Ten Days in the Valley:

Kyra Sedgwick is a TV producers whose young daughter disappears in the middle of the night, creating a series of events that are extremely tense and difficult.  She is a single parent in a difficult divorce and all fingers point to ... well, several possibilities.  Both her professional life and her personal life come crashing down around her.  This show aired on ABC earlier this year, and is unlikely to have a second season due to low ratings, but it's a good binge-watch.  

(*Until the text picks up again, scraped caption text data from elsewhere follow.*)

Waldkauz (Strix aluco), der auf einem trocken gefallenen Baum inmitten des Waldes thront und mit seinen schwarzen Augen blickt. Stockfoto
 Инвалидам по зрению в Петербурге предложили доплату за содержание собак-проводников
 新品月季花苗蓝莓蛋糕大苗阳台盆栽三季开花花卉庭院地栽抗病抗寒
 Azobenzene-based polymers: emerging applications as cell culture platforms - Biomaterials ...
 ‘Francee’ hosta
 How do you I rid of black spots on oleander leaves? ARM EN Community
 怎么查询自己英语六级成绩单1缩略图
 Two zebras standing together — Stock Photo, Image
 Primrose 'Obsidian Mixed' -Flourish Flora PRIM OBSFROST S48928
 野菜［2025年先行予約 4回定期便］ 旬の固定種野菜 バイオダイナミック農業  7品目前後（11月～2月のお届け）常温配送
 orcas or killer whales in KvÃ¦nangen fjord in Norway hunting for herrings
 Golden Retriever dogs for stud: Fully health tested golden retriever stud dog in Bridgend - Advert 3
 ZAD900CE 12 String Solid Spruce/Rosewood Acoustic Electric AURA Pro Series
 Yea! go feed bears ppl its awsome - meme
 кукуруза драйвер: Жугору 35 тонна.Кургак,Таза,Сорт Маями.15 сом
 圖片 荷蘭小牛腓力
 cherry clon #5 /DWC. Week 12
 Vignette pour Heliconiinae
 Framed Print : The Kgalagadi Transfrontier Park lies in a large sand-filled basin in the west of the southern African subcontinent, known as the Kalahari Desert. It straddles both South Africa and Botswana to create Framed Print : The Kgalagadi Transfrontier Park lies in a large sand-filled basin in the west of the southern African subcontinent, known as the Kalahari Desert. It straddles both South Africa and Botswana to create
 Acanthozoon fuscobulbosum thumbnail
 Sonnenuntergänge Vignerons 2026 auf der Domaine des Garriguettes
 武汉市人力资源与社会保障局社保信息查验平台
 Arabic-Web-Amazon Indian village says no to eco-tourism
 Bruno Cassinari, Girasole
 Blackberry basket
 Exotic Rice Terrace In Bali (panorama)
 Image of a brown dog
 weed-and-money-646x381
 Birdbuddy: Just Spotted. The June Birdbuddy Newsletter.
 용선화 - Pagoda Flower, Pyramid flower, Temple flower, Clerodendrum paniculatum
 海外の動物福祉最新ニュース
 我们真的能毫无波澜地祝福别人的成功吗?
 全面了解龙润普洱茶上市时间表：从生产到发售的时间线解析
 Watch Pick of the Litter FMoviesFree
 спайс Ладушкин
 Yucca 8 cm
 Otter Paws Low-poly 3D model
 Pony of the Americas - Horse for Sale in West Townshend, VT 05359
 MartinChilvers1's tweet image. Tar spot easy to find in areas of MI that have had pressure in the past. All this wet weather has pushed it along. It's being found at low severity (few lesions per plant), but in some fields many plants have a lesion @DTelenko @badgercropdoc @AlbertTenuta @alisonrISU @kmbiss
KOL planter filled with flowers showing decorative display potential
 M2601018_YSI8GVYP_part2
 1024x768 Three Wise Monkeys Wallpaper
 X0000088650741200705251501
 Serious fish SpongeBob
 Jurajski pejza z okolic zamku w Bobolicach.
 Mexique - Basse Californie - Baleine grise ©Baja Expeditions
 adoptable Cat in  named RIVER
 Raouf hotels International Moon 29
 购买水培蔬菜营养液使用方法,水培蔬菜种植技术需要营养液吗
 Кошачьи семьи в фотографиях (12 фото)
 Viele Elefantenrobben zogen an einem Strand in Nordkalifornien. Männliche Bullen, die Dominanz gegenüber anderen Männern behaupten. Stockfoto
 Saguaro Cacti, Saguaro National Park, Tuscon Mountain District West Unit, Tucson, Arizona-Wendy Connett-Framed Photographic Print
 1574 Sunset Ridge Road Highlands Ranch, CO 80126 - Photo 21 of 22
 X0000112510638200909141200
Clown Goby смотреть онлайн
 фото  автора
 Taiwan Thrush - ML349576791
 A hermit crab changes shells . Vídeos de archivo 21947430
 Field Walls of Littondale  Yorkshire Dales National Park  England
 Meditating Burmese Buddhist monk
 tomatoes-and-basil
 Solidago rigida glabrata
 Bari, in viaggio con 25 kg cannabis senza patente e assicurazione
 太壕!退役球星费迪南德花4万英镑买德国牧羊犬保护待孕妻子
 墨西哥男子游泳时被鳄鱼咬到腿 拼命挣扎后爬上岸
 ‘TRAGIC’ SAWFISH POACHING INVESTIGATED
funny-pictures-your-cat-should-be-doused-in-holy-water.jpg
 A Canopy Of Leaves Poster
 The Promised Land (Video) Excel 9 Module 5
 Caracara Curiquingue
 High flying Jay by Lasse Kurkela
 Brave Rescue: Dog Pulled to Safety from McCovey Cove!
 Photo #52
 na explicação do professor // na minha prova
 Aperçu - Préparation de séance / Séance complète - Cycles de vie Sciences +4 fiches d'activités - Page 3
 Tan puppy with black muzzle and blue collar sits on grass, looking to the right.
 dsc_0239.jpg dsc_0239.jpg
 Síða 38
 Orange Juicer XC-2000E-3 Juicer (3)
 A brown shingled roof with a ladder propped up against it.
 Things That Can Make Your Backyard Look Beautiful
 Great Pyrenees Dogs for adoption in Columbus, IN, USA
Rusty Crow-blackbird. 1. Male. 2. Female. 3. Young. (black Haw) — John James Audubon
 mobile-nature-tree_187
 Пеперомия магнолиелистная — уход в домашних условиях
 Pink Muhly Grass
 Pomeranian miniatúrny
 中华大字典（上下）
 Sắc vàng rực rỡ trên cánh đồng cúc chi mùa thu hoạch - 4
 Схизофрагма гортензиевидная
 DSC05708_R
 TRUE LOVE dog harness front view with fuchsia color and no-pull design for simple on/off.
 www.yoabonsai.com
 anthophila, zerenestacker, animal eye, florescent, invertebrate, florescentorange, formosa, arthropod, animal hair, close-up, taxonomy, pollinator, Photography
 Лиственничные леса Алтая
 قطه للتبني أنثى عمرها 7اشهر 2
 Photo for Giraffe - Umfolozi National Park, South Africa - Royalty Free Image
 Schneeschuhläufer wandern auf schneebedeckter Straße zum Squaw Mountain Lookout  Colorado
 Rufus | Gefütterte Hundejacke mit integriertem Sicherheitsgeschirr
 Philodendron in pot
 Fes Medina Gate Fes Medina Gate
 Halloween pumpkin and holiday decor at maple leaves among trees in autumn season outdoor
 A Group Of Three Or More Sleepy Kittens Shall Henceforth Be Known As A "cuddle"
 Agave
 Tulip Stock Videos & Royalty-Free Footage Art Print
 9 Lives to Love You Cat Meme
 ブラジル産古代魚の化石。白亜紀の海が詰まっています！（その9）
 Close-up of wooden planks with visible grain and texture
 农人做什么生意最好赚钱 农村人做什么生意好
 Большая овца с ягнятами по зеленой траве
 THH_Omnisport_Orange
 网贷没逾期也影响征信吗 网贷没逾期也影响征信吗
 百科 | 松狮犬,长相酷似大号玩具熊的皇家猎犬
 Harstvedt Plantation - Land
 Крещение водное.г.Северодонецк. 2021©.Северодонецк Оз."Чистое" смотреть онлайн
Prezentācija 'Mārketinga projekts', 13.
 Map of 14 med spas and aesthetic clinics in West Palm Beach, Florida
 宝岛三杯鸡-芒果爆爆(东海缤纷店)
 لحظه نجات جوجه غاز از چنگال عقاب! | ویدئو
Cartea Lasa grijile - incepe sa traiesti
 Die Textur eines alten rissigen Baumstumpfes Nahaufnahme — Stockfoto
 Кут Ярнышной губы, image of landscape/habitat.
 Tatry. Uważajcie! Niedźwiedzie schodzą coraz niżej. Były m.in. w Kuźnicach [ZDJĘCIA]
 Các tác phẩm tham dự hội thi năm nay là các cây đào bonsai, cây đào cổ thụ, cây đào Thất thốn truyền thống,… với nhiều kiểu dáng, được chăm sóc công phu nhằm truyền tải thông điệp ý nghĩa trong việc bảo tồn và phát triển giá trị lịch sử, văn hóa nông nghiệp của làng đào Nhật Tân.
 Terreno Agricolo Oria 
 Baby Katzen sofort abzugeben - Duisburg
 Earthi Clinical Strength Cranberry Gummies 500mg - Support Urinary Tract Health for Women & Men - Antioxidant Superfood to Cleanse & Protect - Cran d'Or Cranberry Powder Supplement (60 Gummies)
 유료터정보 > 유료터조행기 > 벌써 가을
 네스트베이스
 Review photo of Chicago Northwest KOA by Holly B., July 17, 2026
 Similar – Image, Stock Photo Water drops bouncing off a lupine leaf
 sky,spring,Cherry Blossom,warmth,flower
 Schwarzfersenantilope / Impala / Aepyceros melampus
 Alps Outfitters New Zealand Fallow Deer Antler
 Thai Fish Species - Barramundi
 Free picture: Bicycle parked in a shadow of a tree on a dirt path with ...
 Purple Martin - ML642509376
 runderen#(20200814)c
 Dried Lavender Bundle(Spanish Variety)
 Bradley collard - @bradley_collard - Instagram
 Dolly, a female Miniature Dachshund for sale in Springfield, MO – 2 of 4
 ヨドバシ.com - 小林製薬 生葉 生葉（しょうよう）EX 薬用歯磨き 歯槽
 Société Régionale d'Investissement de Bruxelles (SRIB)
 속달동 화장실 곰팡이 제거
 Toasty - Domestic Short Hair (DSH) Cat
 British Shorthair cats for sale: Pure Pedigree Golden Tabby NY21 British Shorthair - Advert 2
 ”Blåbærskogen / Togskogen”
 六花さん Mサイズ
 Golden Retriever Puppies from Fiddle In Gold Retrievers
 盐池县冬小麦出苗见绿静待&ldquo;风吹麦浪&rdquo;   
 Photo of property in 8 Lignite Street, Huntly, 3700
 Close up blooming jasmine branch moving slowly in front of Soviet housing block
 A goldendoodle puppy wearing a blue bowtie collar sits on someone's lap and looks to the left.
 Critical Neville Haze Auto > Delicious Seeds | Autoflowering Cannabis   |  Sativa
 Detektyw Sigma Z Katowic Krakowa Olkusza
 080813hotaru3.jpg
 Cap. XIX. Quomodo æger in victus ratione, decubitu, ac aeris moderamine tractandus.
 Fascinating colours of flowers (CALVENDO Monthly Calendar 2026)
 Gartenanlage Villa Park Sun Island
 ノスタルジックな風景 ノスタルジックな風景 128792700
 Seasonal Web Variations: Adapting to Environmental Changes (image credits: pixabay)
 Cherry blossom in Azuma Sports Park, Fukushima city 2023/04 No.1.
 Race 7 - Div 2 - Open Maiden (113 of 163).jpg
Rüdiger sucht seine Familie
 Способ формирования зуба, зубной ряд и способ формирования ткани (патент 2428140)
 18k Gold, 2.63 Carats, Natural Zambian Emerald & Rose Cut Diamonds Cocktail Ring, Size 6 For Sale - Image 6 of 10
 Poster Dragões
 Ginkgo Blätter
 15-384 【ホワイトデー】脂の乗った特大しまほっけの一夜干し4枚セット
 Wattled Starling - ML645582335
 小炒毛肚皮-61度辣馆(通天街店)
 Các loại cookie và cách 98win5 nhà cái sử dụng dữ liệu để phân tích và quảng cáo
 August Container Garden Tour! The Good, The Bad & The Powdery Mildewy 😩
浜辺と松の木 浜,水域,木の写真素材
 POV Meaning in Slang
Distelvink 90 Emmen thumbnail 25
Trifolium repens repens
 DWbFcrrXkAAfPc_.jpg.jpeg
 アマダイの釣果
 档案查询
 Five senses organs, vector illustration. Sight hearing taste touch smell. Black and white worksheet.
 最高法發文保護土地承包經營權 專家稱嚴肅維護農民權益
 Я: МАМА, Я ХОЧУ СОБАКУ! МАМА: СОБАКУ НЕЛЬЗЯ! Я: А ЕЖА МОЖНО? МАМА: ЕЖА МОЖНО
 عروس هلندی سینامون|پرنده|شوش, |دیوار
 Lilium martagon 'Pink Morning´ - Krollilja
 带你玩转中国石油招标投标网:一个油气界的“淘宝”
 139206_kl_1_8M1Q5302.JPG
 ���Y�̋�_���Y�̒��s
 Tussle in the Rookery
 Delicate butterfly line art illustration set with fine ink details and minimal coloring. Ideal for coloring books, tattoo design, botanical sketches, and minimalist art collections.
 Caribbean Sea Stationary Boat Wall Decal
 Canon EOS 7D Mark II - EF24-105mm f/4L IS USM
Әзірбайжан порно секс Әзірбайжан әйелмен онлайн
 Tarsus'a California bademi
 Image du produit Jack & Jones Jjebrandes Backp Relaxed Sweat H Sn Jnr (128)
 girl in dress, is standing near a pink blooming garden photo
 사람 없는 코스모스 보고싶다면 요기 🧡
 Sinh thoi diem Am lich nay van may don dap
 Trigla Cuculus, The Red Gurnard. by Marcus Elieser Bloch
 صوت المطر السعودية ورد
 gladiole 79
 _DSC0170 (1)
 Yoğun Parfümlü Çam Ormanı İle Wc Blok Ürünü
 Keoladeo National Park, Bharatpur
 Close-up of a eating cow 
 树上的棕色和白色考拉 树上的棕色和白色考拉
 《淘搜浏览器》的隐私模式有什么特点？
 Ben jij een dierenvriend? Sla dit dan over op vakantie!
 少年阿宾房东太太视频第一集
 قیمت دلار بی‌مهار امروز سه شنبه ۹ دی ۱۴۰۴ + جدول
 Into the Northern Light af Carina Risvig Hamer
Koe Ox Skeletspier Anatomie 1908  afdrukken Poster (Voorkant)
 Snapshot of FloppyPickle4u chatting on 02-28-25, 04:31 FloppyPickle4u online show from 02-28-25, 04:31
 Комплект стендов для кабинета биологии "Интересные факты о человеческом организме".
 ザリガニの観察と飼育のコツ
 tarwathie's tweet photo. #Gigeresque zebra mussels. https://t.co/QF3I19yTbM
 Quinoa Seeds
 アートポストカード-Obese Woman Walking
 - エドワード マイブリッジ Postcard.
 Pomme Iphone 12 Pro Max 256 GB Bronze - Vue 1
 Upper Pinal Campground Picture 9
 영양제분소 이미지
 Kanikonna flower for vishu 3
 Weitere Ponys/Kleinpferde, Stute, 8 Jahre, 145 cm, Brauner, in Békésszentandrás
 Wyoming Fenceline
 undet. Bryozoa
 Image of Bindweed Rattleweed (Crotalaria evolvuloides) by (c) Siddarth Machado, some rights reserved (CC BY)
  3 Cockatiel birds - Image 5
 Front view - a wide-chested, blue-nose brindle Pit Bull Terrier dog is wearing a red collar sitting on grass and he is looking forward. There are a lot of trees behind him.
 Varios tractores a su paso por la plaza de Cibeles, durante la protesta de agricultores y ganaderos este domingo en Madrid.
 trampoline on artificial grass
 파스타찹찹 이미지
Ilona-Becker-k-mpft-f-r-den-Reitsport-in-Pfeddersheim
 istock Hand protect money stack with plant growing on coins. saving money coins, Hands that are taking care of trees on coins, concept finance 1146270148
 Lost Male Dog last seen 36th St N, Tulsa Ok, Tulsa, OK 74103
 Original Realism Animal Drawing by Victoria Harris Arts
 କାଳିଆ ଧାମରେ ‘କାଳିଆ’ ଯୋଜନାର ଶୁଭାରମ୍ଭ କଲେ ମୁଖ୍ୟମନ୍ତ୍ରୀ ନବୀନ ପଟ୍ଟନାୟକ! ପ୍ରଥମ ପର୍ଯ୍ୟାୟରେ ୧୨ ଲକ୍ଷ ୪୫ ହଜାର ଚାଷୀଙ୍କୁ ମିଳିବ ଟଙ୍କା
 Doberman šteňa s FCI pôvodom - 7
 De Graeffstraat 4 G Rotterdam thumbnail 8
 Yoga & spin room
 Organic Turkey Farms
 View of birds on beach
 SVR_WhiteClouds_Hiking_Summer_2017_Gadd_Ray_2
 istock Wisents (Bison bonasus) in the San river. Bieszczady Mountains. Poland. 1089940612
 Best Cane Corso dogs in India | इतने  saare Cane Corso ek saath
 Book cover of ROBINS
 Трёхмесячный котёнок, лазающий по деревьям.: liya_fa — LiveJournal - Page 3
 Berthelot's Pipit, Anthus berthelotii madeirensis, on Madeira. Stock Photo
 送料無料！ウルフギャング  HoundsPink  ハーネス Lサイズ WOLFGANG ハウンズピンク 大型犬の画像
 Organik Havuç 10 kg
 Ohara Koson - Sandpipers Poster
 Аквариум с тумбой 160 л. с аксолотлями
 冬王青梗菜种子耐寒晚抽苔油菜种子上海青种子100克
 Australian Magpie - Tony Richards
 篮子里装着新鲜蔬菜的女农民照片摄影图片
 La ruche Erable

First Flights with Neil Armstrong (1991)

Although this series is 26 years old, and Neil Armstrong, the first man to set foot on the moon, has been dead for five years, aviation buffs will want to catch each season of the three that Amazon is offering, in which Armstrong introduces specific eras in aviation, and sometimes flies the planes that he is profiling, from the old "Jenny" biplanes that delivered the mail in post-WWI America, to the first jet trainers such as the T-33 Silver Star that set the tone for the jet age.  I know it's a specific market, but if you like planes, you'll love all of this!